Bandarban Hill District Council
- Logo of Bandarban Hill District Council
- Formation: 6 March 1989; 37 years ago
- Headquarters: BHDC Building, Bandarban Sadar, Bangladesh
- Region served: Bandarban District
- Chairman: Kyaw Shwe Hla
- Chief Executive Officer: Muhammad Masum Billah
- Main organ: Government of Bangladesh
- Parent organization: Ministry of Chittagong Hill Tracts Affairs
- Budget: Allocated by Government
- Website: bhdc.gov.bd

= Bandarban Hill District Council =

Council in Bandarban Hill, Bangladesh

Bandarban Hill District Council is the regional government body responsible for the administration of Bandarban Hill District in Bangladesh. Prof.
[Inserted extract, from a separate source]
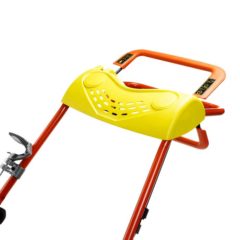 Cortacesped Outils Wolf RM46BO detalle del manillar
Thanzama Lushai is the chairman of the council.

==History==
The Bandarban Local Government Council was established on 6 March 1989 to look after the welfare of the tribal minorities in the Bandarban Hill District. The Chittagong Hill Tracts conflict was a low intensity conflict in the Chittagong Hill Tracts (Rangamati District, Bandarban District, and Khagrachhari District) between the government of Bangladesh and the Parbattya Chattagram Jana Sanghati Samiti, which represented the tribal communities. On 2 December 1997, the government of Bangladesh and the Parbattya Chattagram Jana Sanghati Samiti signed a peace treaty ending the conflict. After the treaty was signed, steps were taken by the government to strengthen the council as required by the treaty. The council was renamed to Bandarban Hill District Council. The council announced plans to install small electric power plants in Bandarban District. The council built the Bangabandhu Memorial Library in Bandarban Sadar Upazila.